We all dream, whatever we dream about, without any sense, and sometimes forget that this is not the same thing as making a plan. What we imagine in our mind expands ever-outward but disintegrates the moment reality touches it. The thing’s got no bones.


Josh Smith was actually quite a player, as tremendously gifted disappointments go. He wasn’t a bust like Tyrus Thomas or Darius Miles or even a productive underachiever like Marvin Williams or Corey Brewer. If he has a peer, it’s probably Lamar Odom, though Lamar was both more skilled and more personally troubled. (More successful too, after Pau Gasol joined he and Kobe in Los Angeles.) Josh Smith was damn good, all things considered, but so frequently and heavily lamented that he became more closely associated with his poor decisions than his broad range of talents. 


His shot selection was stupid. He liked the three, loved the long two, and couldn’t make either one of them. Smoove once said “I’m not one to look at where I am on the court [when I shoot],” and really, he should have. In 2015, Jonathan Abrams wrote a long feature on Smith that features roughly a billion instances of a parent, coach, or teammate saying something like yeah, I dunno, the guy just likes to heave it. It’s not like nobody talked to him about it, or that Smith wasn’t aware that he was a horrifically unsuccessful jumpshooter. He simply felt like the next one was going in. Aside from a couple seasons in Atlanta when he made more of an effort to attack the rim—not coincidentally, the two most efficient years of his career—he was addicted to pulling up as the entire arena groaned.

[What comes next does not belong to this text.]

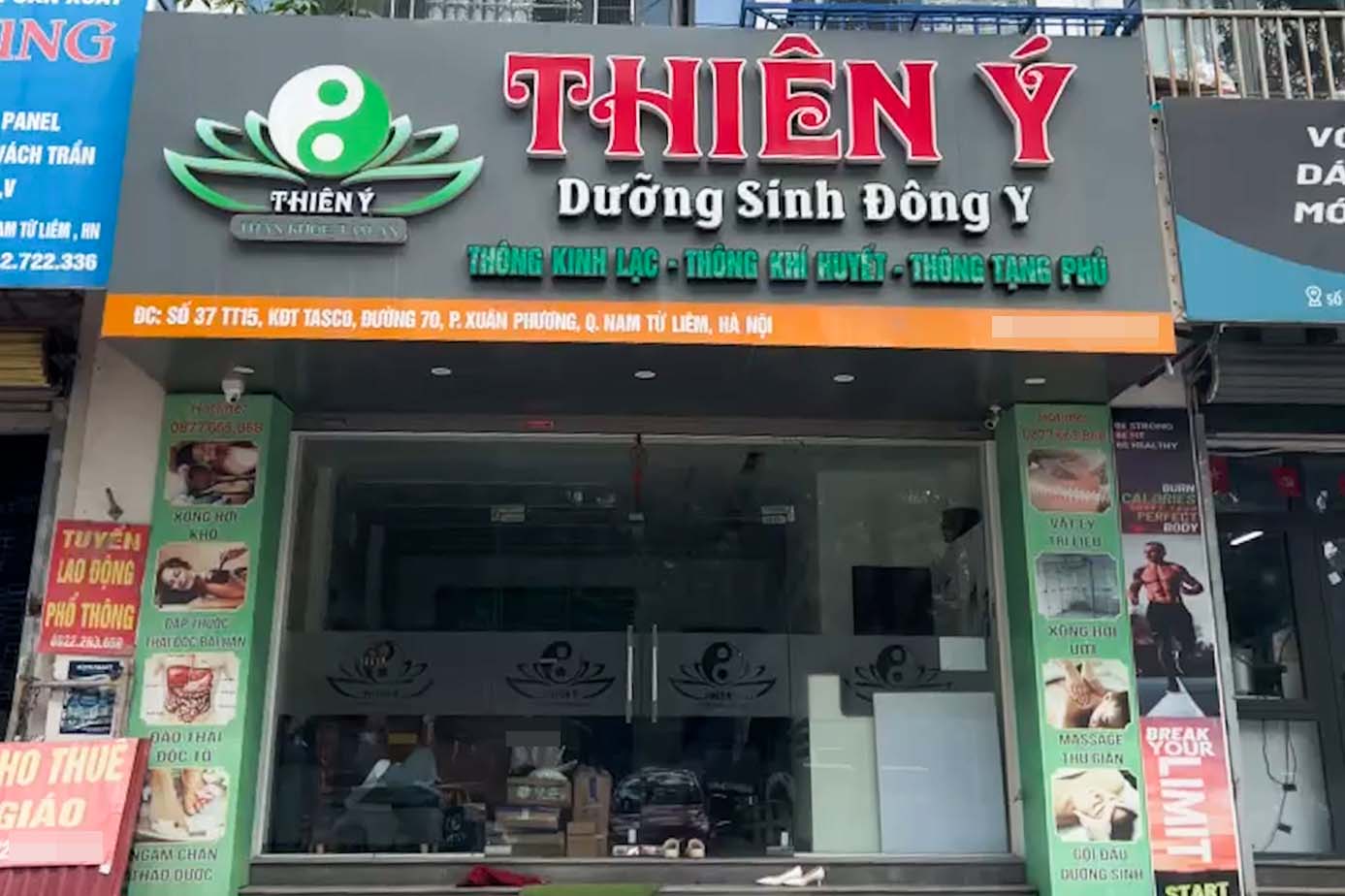 Thien Y Traditional Medicine Center specializes in treating diseases by soaking feet, detoxifying, and applying medicine. Photo: PV GROUP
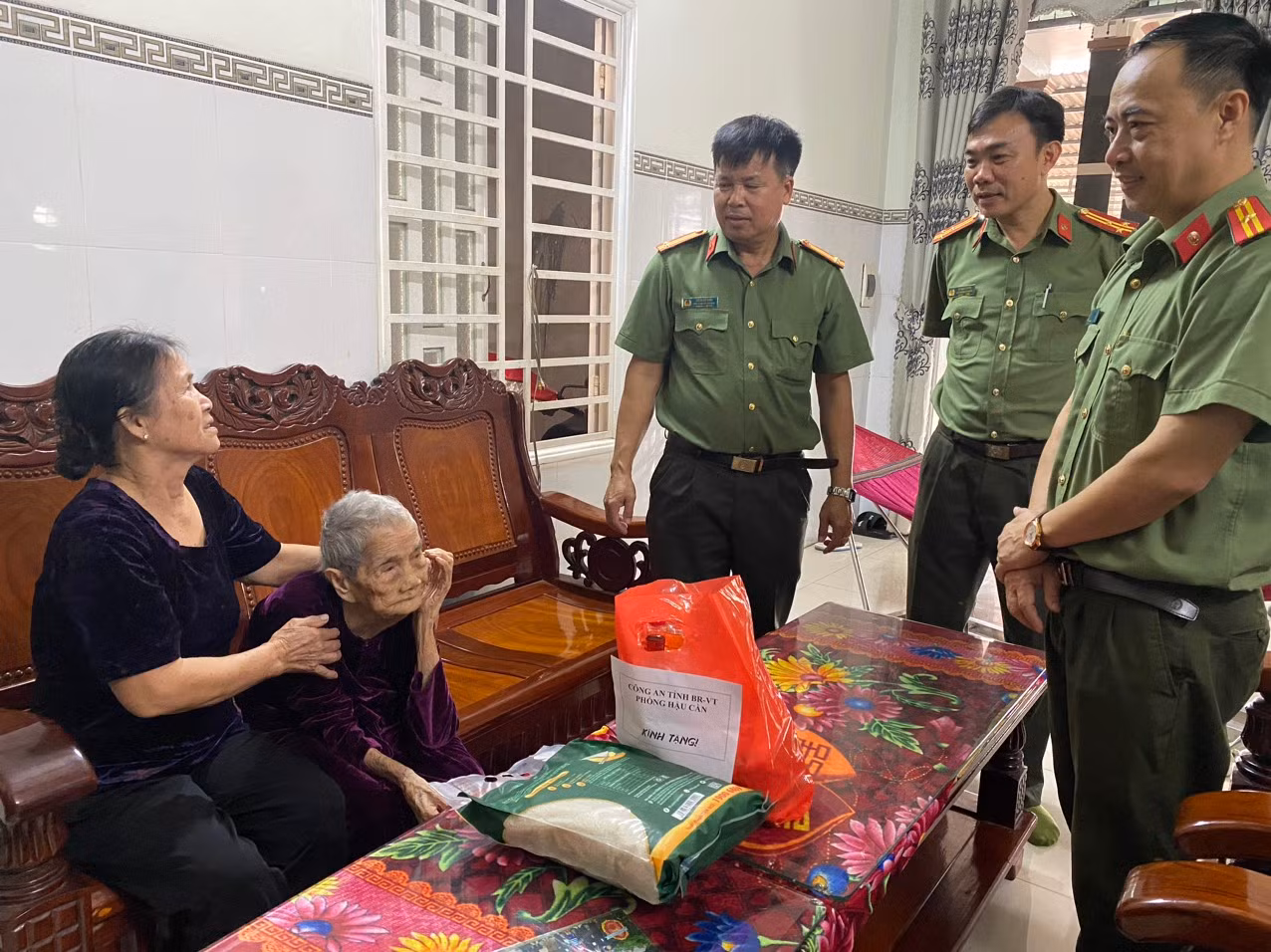 Công an tỉnh Bà Rịa-Vũng Tàu thăm hỏi và tặng quà Mẹ Việt Nam Anh hùng 105 tuổi -0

The thing is, it’s not like Josh Smith was Russell Westbrook. He wasn’t shooting poorly and all the time. For most of his career, he shared an offensive workload with Joe Johnson and Al Horford, and if those two demi-stars weren’t quite voluble enough to relegate Smith to a role that perfectly suited him, they also freed him up to do the kind of dazzling peripheral work he thrived on. You could be forgiven for watching Smoove hoist a series of godawful fading 18-footers and conclude that he had no idea what he was do—and a lot of people did just that, based on their limited information; the Hawks were not exactly appointment viewing—but he was inarguably, shot selection aside, a really smart player. On the perimeter, he used his length to force ballhandlers wherever they didn’t want to go, or into help, and in the paint, Horford’s excellent positional defending allowed him to be an off-ball predator, arriving from the weak side to erase lay-in attempts and strip posting big men. He was a good passer for the same reason he was a good cutter: Smoove had a sharp understanding of timing and angles, how to start moving a beat before the rim protector needs to get out of the paint.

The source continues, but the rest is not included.